Meta has released SAM Audio, a prompt-driven audio separation model that targets a common editing bottleneck, isolating one sound from a real-world mix without building a custom model per sound class. Meta released 3 main sizes: sam-audio-small, sam-audio-base, and sam-audio-large. The model is available to download and experiment with in the Segment Anything Playground.

Architecture

SAM Audio uses separate encoders for each conditioning signal—an audio encoder for the mixture, a text encoder for the natural language description, a span encoder for time anchors, and a visual encoder that consumes a visual prompt derived from video plus an object mask. The encoded streams are concatenated into time-aligned features, which are then processed by a diffusion transformer that applies self-attention over the time-aligned representation and cross-attention to the textual feature. A DACVAE decoder reconstructs waveforms and emits two outputs: target audio and residual audio.

What SAM Audio does, and what ‘segment’ means here?

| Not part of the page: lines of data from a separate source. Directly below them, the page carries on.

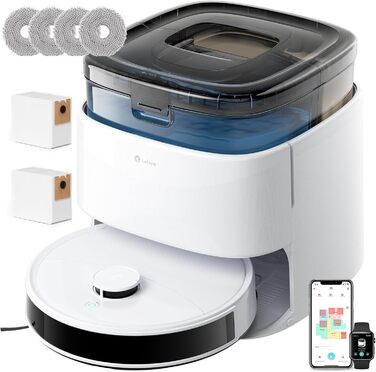 Робот-пилосос LEFANT M3 Gen2 з функцією миття, 12000Pa, автоматичне порожнення, LiDAR, розпізнавання килимів, керування через додаток Freemove 3.0 та голосове керування, 8 тижнів бездротової роботи, білий
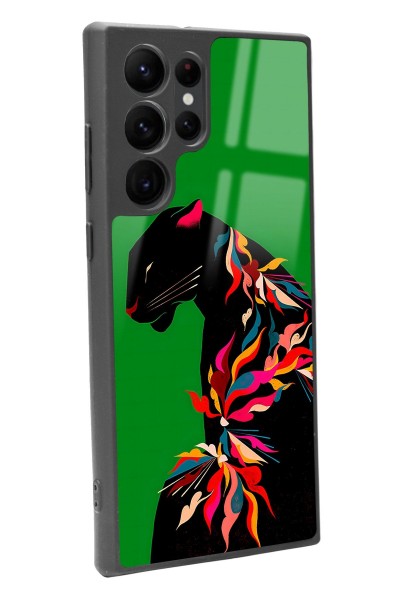 Samsung S22 Ultra Renkli Leopar Tasarımlı Glossy Telefon Kılıfı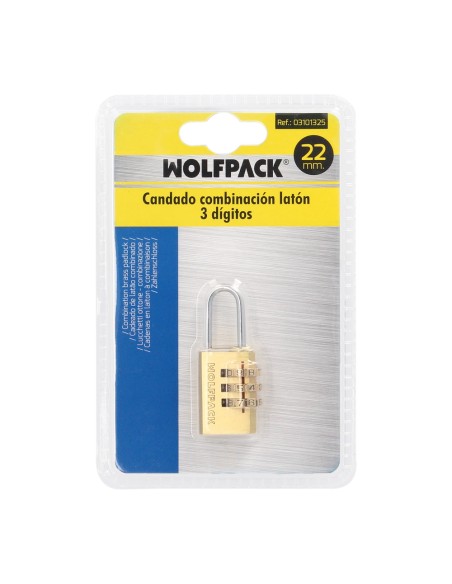 Candado Combinación Laton 22 mm. 3 dígitos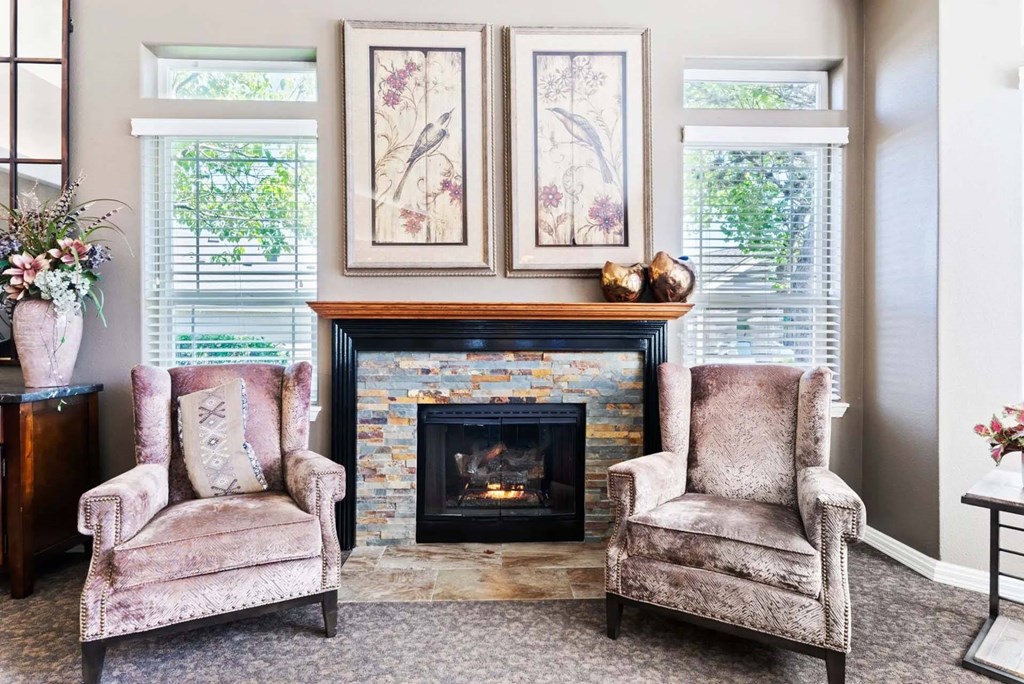 Fireplace Living Area at Maple Ridge, Washington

SAM Audio takes an input recording that contains multiple overlapping sources, like speech plus traffic plus music, and separates a target source based on a prompt. In the public inference API, the model produces two outputs: result.target (the isolated sound) and result.residual (everything else).

This target-residual interface maps directly to editor operations. For instance, to remove a dog bark from a podcast track, treat the bark as the target and keep only the residual. Conversely, if you want to extract a guitar part from a concert clip, you keep the target waveform instead. Meta uses these examples to illustrate the model’s potential.

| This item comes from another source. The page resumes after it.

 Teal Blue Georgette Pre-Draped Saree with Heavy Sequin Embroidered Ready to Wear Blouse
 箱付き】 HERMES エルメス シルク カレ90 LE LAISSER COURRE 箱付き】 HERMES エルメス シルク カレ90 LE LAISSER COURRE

The 3 prompt types Meta is shipping

Meta positions SAM Audio as a single unified model supporting three prompt types, usable alone or in combination:

Text prompting: Describe the sound in natural language, e.g., “dog barking” or “singing voice,” and the model separates that sound from the mixture. Text prompts are a core interaction mode, with an end-to-end example available in the open-source repo using SAMAudioProcessor and model.separate.

Visual prompting: Click on a person or object in a video to ask the model to isolate the audio linked to that visual object, implemented by passing video frames and masks into the processor via masked_videos.

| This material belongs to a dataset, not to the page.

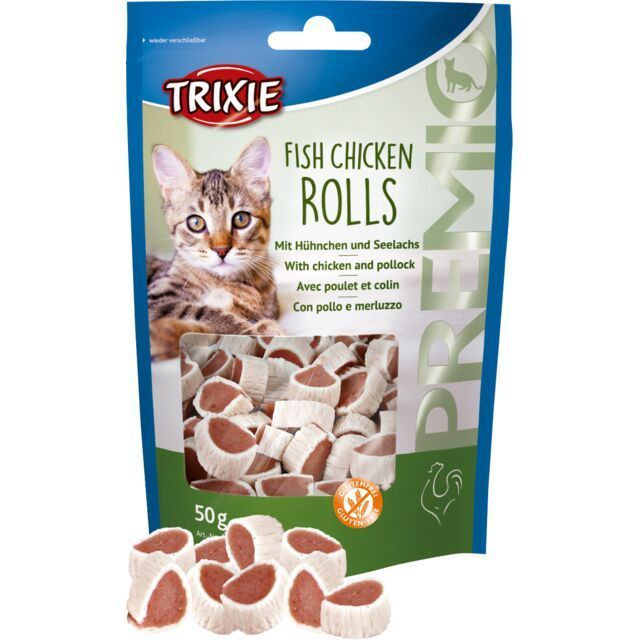 Trixie fish chicken rolls - Kattensnack - kip/vis 50 gr - kattensnoepjes gedroogd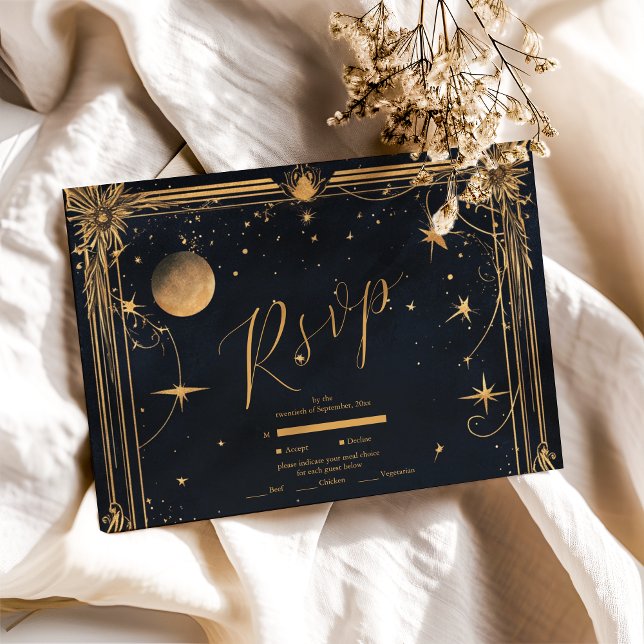 Cartons Réponse Mariage Céleste Lune Étoiles Vintage (Créateur téléchargé)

Span prompting: Mark time segments where the target sound occurs; the model uses those spans to guide separation. This is crucial for ambiguous cases, such as when the same instrument appears multiple times or when a sound is brief, helping to prevent over-separation.

Results

The Meta team claims SAM Audio achieves cutting-edge performance across diverse, real-world scenarios and serves as a unified alternative to single-purpose audio tools. They published a subjective evaluation across categories—General, SFX, Speech, Speaker, Music, Instr(wild), Instr(pro)—with General scores of 3.62 for sam audio small, 3.28 for sam audio base, and 3.50 for sam audio large, while Instr(pro) scores reached 4.49 for sam audio large.

Key Takeaways

SAM Audio is a unified audio separation model that segments sound from complex mixtures using text prompts, visual prompts, and time span prompts.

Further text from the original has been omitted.